In reinvesting these historical figures, Ivanoska engages a complex nexus of memory, identity, and civic participation. Her proposal to the municipal authorities of Skopje to name the new bridge after these two women becomes the basis of a long-term, research-based artistic process that combines historical inquiry, bureaucratic documentation, and performative gesture. Conceived in the aftermath of the 2001 conflict that divided the city and the country along ethnic and religious lines, the project speaks directly to the need for re-establishing a silenced dialogue between communities separated by the river Vardar.
As such, Naming the Bridge offers a telling example of an individual artistic initiative that approaches the question of women’s emancipation with historical sensitivity rather than ideological antagonism. It proposes to build, both metaphorically and materially, a bridge between conflicting cultural and intellectual positions. Through this act, Ivanoska’s work foregrounds the political and emancipatory force of often-dismissed and disavowed twentieth-century histories, in order to confront the rise of nationalism and inter-ethnic conflict in post-socialist North Macedonia and, more broadly, across the former Yugoslav space.

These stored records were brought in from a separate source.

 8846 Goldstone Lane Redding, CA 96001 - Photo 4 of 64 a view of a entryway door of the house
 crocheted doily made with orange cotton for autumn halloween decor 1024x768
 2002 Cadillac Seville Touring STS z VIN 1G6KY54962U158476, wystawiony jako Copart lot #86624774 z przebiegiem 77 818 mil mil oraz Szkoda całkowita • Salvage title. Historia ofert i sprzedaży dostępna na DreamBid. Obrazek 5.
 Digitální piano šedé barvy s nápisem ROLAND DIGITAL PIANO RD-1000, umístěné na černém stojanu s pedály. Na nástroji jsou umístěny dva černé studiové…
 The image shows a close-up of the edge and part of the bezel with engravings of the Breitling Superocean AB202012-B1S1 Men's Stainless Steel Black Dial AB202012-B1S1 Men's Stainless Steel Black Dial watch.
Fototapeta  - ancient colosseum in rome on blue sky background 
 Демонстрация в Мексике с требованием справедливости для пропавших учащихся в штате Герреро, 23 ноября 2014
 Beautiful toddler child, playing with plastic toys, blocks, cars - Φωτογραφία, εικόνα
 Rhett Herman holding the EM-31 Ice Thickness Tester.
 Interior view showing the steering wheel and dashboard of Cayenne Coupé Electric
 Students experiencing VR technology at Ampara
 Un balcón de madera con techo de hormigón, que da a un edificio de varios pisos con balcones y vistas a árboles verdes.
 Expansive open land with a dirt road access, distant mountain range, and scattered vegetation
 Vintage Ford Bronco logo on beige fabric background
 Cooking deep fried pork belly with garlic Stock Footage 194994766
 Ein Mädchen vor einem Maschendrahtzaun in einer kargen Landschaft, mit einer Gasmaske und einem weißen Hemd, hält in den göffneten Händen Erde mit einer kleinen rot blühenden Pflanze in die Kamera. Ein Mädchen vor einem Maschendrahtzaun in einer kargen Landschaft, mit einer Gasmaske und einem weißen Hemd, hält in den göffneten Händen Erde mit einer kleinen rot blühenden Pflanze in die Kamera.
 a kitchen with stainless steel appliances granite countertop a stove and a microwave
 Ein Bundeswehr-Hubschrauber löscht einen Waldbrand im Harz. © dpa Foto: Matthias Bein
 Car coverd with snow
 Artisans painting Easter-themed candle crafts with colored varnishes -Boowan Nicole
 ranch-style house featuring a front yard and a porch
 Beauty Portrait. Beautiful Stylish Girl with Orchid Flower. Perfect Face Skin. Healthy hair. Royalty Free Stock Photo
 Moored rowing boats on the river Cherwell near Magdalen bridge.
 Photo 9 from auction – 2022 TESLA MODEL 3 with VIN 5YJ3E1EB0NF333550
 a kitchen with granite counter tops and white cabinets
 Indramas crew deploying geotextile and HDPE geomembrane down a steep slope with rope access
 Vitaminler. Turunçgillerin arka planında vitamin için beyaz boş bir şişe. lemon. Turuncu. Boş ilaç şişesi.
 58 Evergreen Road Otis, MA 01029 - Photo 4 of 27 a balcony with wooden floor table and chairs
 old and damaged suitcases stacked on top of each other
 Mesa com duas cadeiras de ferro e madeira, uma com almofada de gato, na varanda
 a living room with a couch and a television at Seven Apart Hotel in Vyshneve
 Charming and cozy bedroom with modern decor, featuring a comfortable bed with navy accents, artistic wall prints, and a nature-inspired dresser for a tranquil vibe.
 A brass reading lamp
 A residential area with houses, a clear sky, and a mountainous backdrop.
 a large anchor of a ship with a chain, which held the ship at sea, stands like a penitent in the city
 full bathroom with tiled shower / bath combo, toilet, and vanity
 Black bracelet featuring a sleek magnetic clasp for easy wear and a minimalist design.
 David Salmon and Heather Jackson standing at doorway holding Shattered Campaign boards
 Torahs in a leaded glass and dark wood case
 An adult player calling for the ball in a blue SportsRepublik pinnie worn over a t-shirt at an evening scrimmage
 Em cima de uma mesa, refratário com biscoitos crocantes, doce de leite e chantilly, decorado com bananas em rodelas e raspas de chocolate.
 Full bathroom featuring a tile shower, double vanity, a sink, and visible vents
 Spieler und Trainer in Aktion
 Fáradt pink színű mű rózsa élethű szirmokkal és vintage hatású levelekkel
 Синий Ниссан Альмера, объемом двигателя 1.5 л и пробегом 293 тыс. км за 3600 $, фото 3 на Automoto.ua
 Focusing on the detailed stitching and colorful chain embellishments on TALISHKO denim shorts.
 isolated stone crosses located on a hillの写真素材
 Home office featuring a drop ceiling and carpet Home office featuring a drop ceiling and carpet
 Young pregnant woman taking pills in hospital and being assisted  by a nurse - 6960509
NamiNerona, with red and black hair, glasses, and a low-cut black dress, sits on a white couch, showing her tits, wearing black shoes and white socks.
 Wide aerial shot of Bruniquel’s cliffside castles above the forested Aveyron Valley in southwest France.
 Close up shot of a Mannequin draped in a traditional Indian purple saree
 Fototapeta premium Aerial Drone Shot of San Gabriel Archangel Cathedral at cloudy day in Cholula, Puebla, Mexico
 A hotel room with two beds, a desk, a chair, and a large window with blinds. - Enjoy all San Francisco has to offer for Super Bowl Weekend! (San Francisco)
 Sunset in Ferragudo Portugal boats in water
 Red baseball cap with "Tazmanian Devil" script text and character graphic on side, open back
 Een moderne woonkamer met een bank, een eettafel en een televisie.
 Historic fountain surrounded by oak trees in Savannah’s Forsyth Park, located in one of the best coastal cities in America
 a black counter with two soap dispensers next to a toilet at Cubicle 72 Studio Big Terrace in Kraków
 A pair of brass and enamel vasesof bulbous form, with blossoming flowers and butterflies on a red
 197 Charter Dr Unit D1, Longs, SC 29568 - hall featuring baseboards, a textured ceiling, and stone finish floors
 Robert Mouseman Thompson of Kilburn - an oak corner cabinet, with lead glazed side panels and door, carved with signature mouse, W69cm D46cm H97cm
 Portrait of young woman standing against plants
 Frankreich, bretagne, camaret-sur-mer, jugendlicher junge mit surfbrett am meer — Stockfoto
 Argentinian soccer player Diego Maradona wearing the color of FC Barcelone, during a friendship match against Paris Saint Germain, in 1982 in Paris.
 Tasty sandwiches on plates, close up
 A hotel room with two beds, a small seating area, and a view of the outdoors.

Through this lens, the paper examines how public art can act as an agent of urban transformation — rewriting collective memory, producing alternative narratives, and creating spaces for marginalized voices. Using Naming the Bridge as a case study, it aims to reflect on the complex entanglement between political and cultural processes of renaming and the broader dynamics of identity formation and destabilization in North Macedonia since the fall of Yugoslavia.
It also situates this case within a wider implication of renaming as both a symbolic and political act — one that not only reconfigures visual culture but also reshapes collective and individual subjectivities², specifically in times of political transformation³.
Finally, this paper interrogates the relationship between participatory art and policy-making, particularly in the context of citizen-led initiatives such as Ivanoska’s. Can artists influence urban planning and decision-making processes? What happens when artistic procedures enter the domain of governance? By engaging these questions, the paper contributes to a broader understanding of how feminist art practices not only reshape public space but also intervene in the political, cultural, and historical narratives of the city.
Situating Naming the Bridge within Ivanoska’s broader practice in urban space, this paper argues that the work articulates a form of what I call procedural feminism: a mode of artistic engagement that operates within institutional frameworks to expose their contradictions and to reclaim their capacity for civic meaning.
More on the publication:
Unfolding the City. Art as an Agent of Transformation is the first international conference organized by the Center for the Arts of the Albanian Academy of Sciences. The event addresses the ongoing transformations of the urban image, with particular attention to the profound changes currently reshaping Albanian cities.
More specifically, the conference aims to investigate these processes by examining the impact of contemporary art on the city and on its transformations at social, political, and urban levels. What is the impact of art on the transformation of the city? What tools and methodologies does art employ when engaging with public space? Which spaces can art claim within the contemporary urban condition? In a society increasingly controlled and divided between physical and digital realms, does art in public space still have a meaningful role? And how can interventions in the physical fabric of our ever-changing cities contribute to the creation of new perspectives and alternative approaches to reality?